Pr. Pierre Carli : “C’est une question qui est très bonne et qu’il faut bien comprendre. En fait, une évacuation, c’est quelque chose qui est une brique qui participe à une action globale. La lutte contre le covid, on la connaît malheureusement maintenant beaucoup mieux. Nous avons été confrontés nous-mêmes, à Paris, exactement à la situation que vous vivez. Et là on sait que les choses qui payent, c’est la vaccination. Il faut vacciner, mais vacciner ça prend du temps pour développer l’immunité. Pendant ce temps-là, il faut confiner. Confiner durement. Quand on dit durement, c’est vraiment durement car c’est quelque chose qui nous impacte tous, qui est vraiment difficile et qu’on a vécu. Il faut aussi augmenter les capacités de soin et pour ça, il faut mobiliser toutes les ressources, toutes les filières de soin sont converties vers le covid et des renforts viennent pour augmenter cette capacité, créer de nouvelles réanimation, de nouveaux lits.

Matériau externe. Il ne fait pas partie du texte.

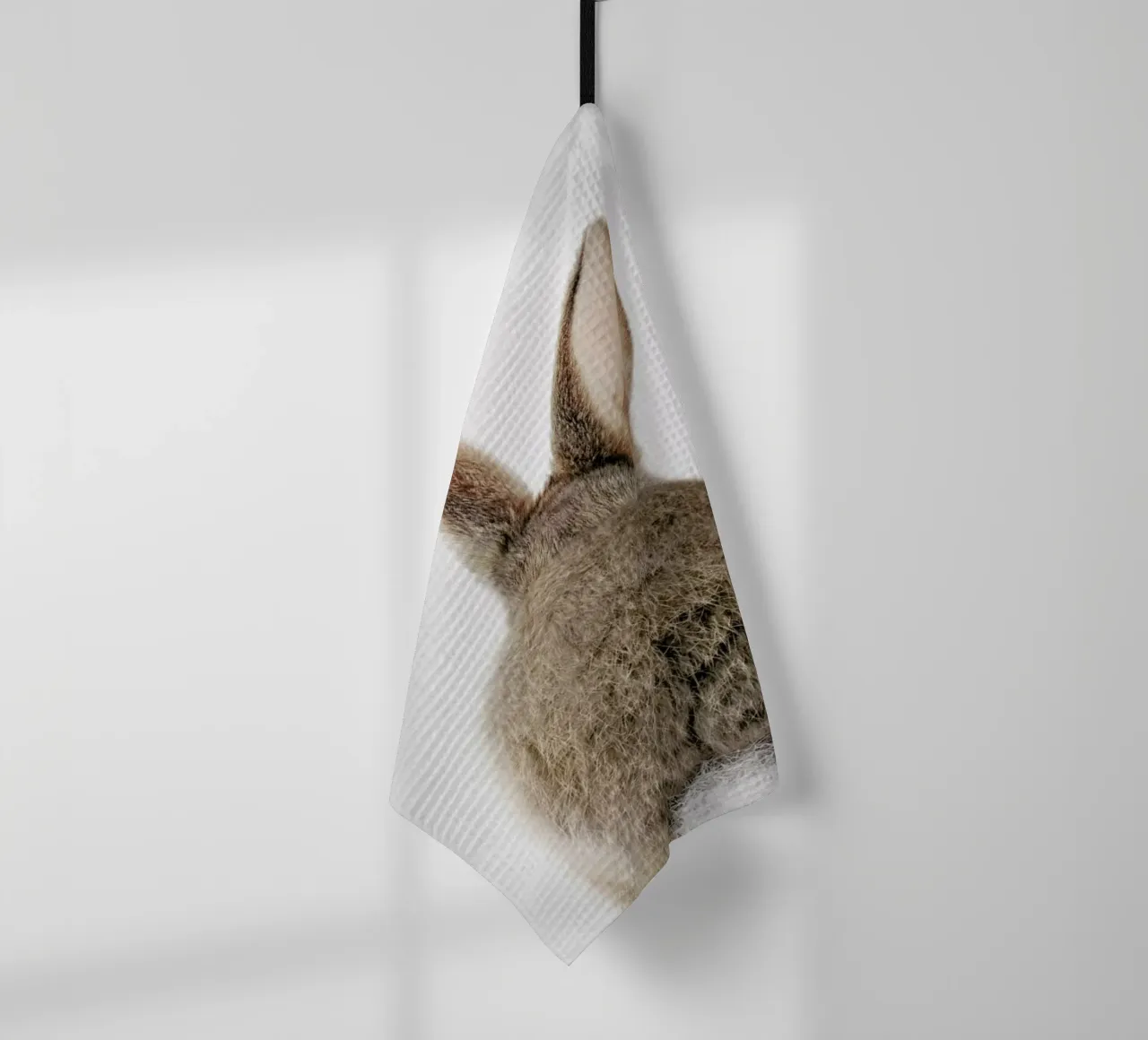 Peekaboo Bunny Tail Geschirrtuch von Lila x Lola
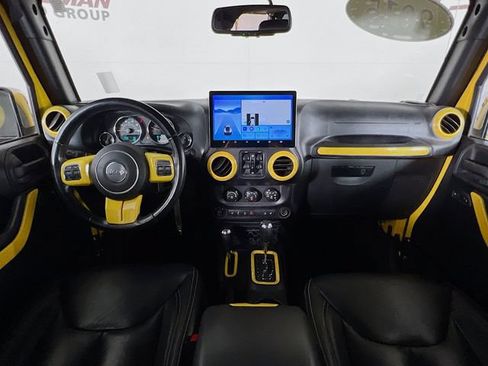 Used 2015 Jeep Wrangler Unlimited Sahara w/ Dual Top Group AWD/4WD image 22
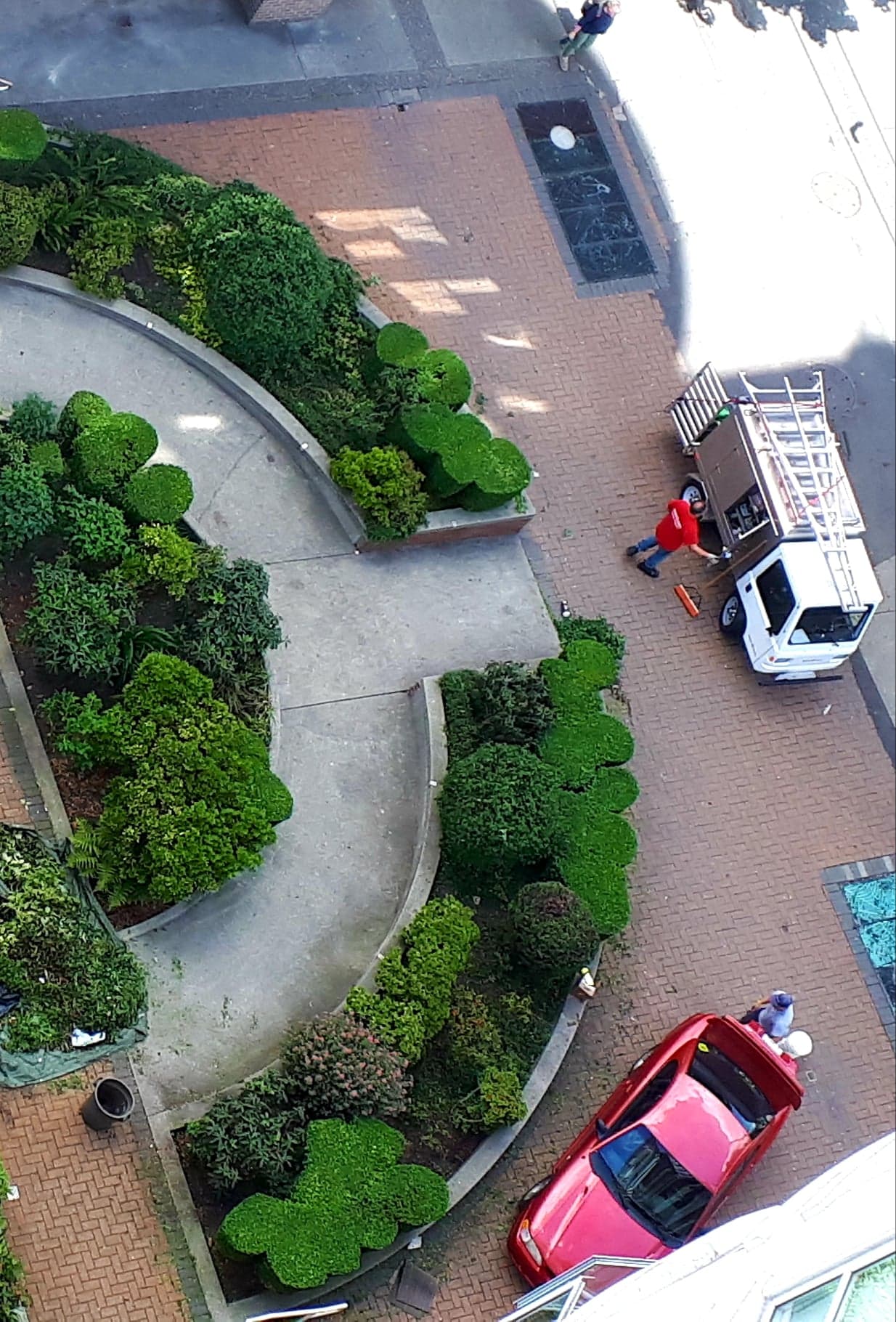 Strata property grounds maintenance from above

Mais tout ceci a une limite, et cette limite c’est la saturation de la réanimation puisque les patients s’y accumulent, ils restent longtemps en réanimation. Ce que nous faisons avec ce transfert, c’est permettre à un nombre de patients sortant de cette réanimation de redonner au système la possibilité d’évoluer et de tourner vite. C’est ça l’objectif, et c’est un objectif qui bénéficie à tout le monde”.

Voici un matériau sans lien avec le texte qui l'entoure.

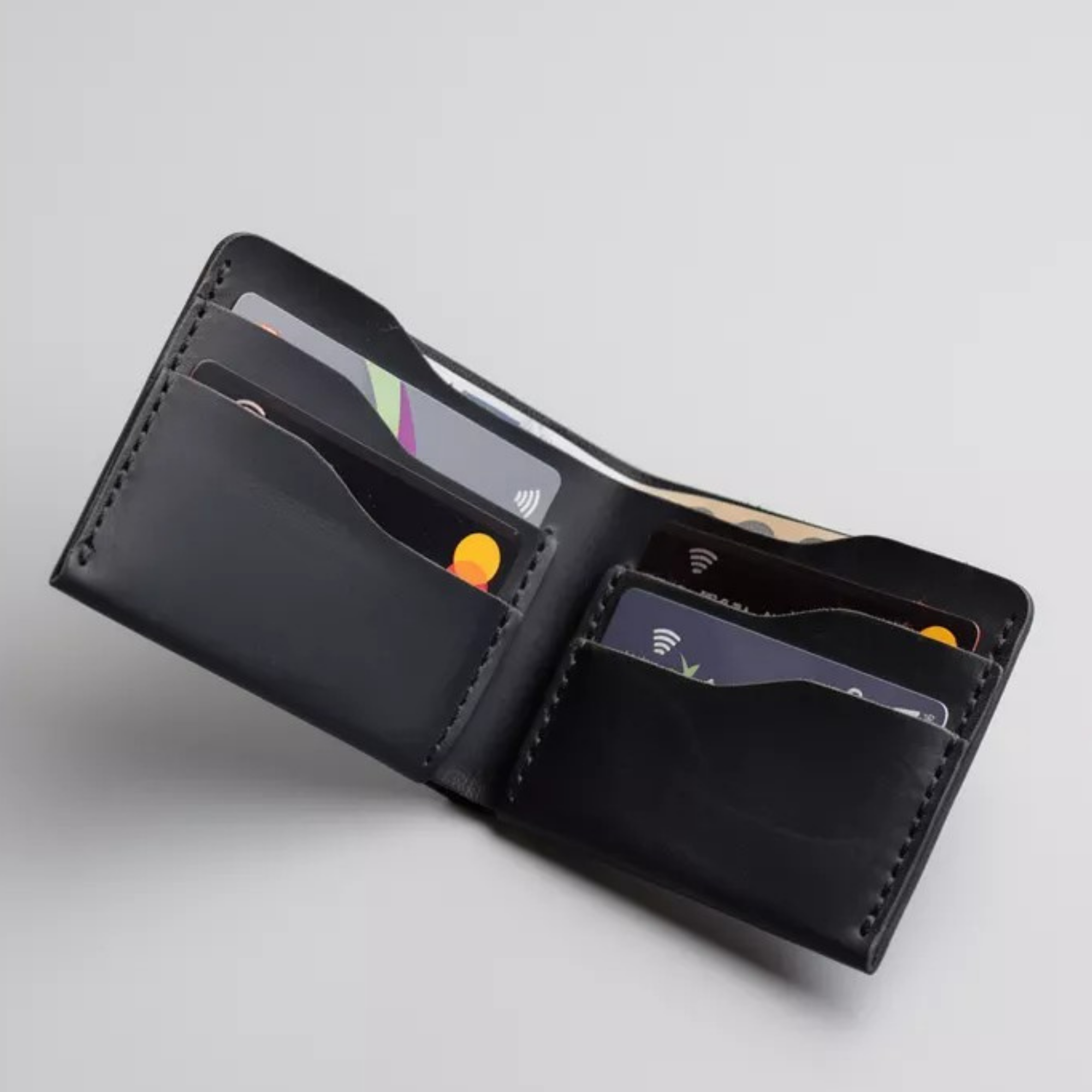 4 Gözlü Klasik Tip Hakiki Deri Cüzdan – Zamansız Şıklık & Günlük Konfor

La méfiance envers les médecins du Taaone, elle est très présente en ce moment en Polynésie. Ils sont accusés notamment de pratiquer l’euthanasie par un élu local. On imagine que cela vous fait réagir.

Pr. Pierre Carli : “Dans cette crise, il y a toujours des réactions irrationnelles. Nous n’étions pas là au moment que vous évoquez, au moment où des centaines de patients se présentaient à l’hôpital, mais nous avons vu le travail qu’ils ont fait, nous les avons suivi à distance et nous avons vu le résultat aujourd’hui. Vous avez des équipes formidables de soignants en Polynésie. Des aides soignantes, des infirmières, des infirmières spécialisées, des médecins réanimateurs : ils ont donné tout ce qu’ils pouvaient dans cette crise. Et croyez-moi, quand on voit nous ce que nous avons fait et ce qu’ils ont fait, ils ont très vite assimilé de nombreuses notions, ils ont très vite utilisé des astuces, des constructions qui permettent d’aller très vite et de faire un résultat fantastique en terme de qualité”.

Dr. François Braun : “Vous savez, nos collègues de Polynésie ont mieux travaillé que nous pendant cette première vague. Il faut être très clair : moi je ne travaille pas à Paris, je travaille dans l’Est de la France. C’est nous qui avons pris le début de cette crise. Notre réaction a été beaucoup plus lente. Là nous avons des collègues qui ont réagi très vite, en moins de deux semaines, qui ont mis l’hôpital en marche, qui ont travaillé sans compter. Franchement, nous avons été très impressionnés par la réactivité et par le travail qui a été mené sur place”.